TASK TO COMPLETE: In the material below, the required lines run from the one containing "Стендап Роаст баттл" through the one containing "豐盈亮澤果凍唇彩 - 7色選擇". Copy those lines exactly, ends included, and nothing else.

***** THE DATA

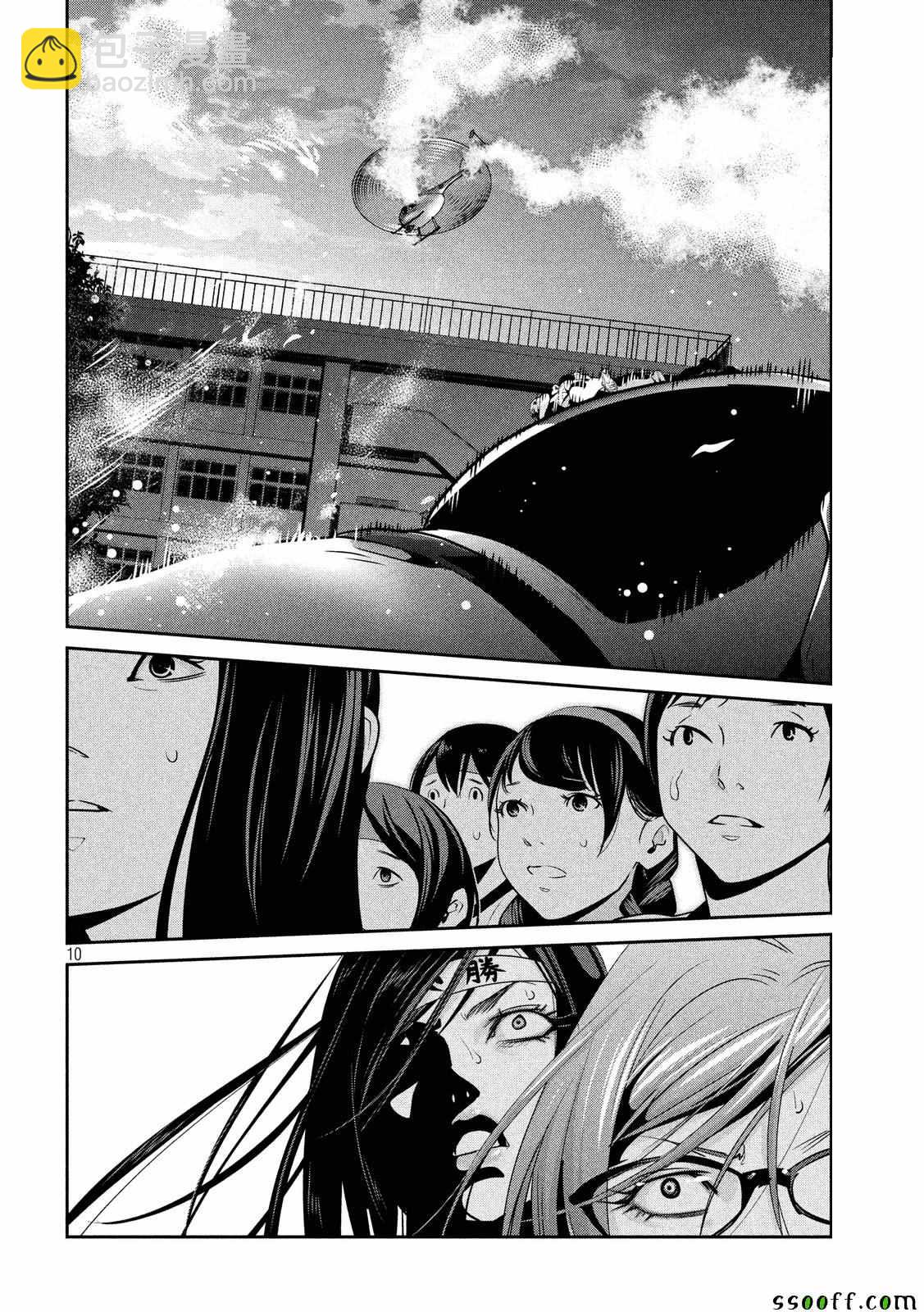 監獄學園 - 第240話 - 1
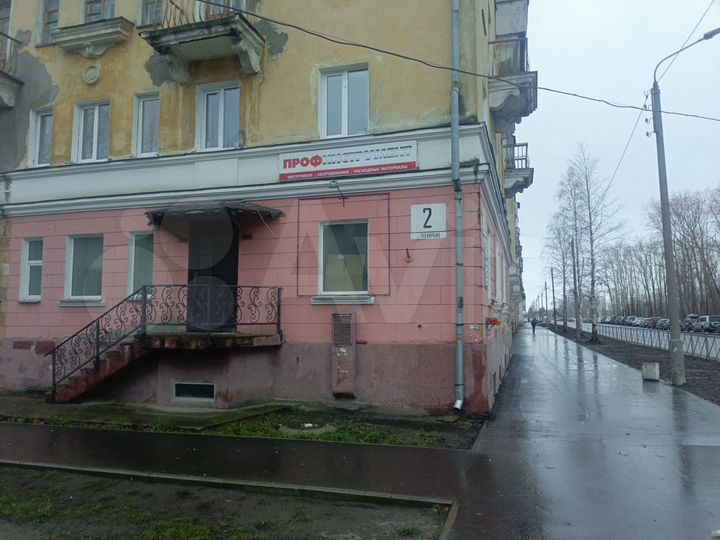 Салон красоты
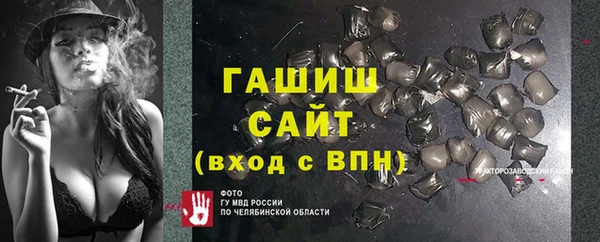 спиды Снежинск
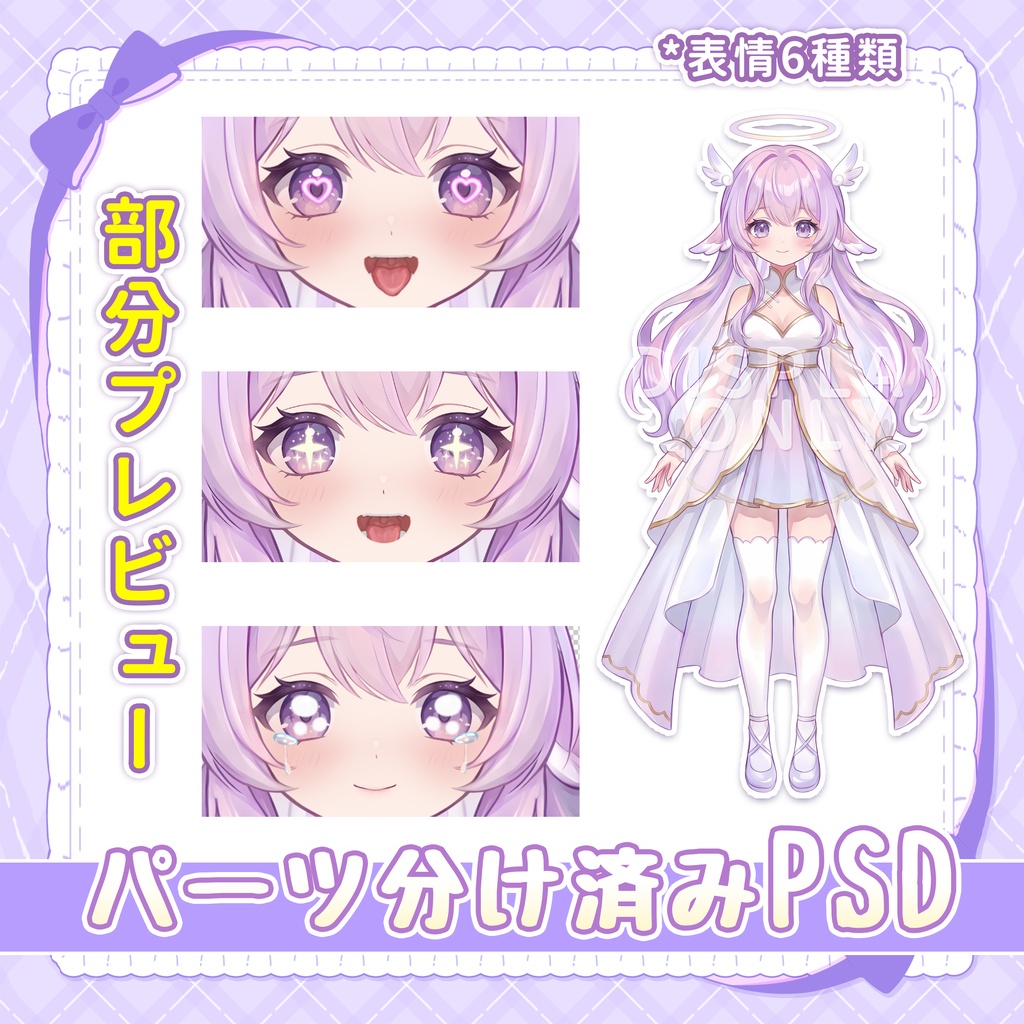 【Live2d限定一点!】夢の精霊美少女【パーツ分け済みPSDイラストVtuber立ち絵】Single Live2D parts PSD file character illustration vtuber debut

**********
***** THE DATA

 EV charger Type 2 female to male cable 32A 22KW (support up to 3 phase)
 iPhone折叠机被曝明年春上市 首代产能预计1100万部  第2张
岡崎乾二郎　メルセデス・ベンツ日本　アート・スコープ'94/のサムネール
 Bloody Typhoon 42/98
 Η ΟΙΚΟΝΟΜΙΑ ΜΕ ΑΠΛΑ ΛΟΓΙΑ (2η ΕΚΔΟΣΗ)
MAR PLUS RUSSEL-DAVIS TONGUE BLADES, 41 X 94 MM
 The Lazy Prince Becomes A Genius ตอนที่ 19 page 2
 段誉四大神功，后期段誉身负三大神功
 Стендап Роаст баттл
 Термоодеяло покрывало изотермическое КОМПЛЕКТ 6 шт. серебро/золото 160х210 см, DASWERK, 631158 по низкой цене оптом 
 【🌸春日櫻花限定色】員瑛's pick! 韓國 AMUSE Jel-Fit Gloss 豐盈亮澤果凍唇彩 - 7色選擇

**********

WRITTEN SOLUTION:
 Стендап Роаст баттл
 Термоодеяло покрывало изотермическое КОМПЛЕКТ 6 шт. серебро/золото 160х210 см, DASWERK, 631158 по низкой цене оптом 
 【🌸春日櫻花限定色】員瑛's pick! 韓國 AMUSE Jel-Fit Gloss 豐盈亮澤果凍唇彩 - 7色選擇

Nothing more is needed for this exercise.